Rock and Roll part 2

At the time I bought the book I posted last week I also bought this book.  Diane and I would drive around Mass. on Saturdays and just stop in small towns and look around, then drive on to the next town. It was a fun way to spend a day.  At a store that sold odd lots of things they had a pile of books, and I bought these two because I like the genre of music.  But also because they were sewn bindings so I could do something with them.

This one is called The Book of Rock and was published by Rolling Stone magazine.  It's pretty small, 3.25 inches tall and 2.75 inches wide.

I thought it would be fun to make a decorative box for it, and decided on an amplifier.  I wavered between spending a lot of time making an accurate model of one using Sculpey or something like that but that didn't really interest me.  Lugging amps around was never the most fun part of playing music, so maybe I had issues.  So I made this, which I liked because I thought the cartoonish nature of it suited the content more.

The box is leather with silk over where the speakers would be and painted super glued down where the controls are.


The front cover is the same scans of ticket stubs I used in the other book.  Concerts mostly seemed to me to be about the joy of music, the fun of enjoying something with a crowd, and spontaneity of the show and feeling like you learned something about the artist just by watching them perform.  So, thus the stubs to commemorate the best thing about rock music.
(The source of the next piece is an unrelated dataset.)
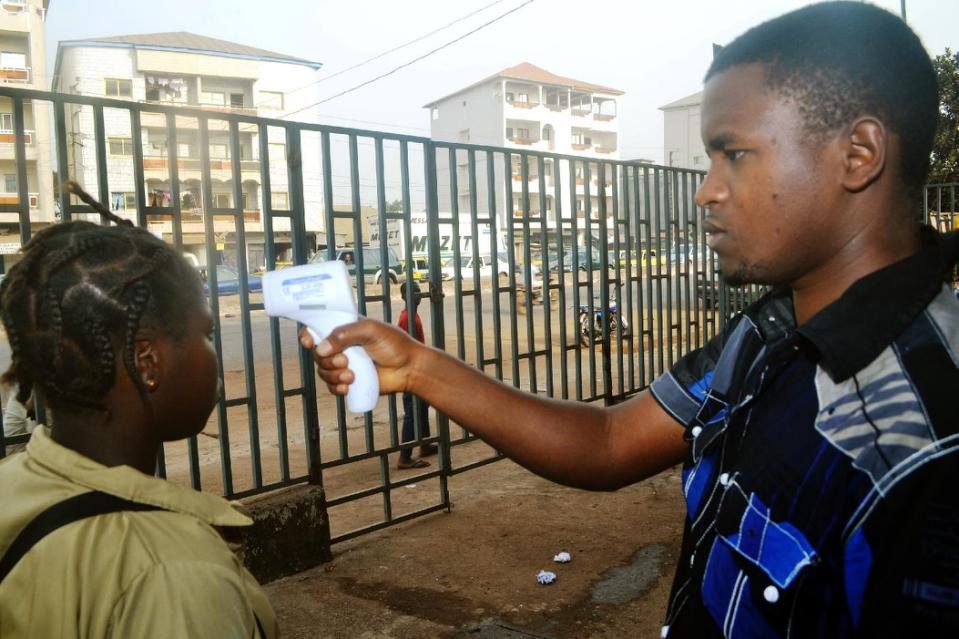 A Guinean student gets her temperature checked on January 19, 2015 outside the Oumou Diaby school in Conakry (AFP Photo/Cellou Binani)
The back is money, which is what everything ends up being about in the end.  By the way, the name on the amplifier is sort of the Swedish word for money.  The endbands were money as well.


Here's the whole thing:


I did it as an onset board binding, where the leather was on the book before the covers were attached.  It allows for a very clean edge where the cover meets the leather.

It was an interesting project, because it's outside what I normal do but it's something I wanted to try and I'm happy with how it came out.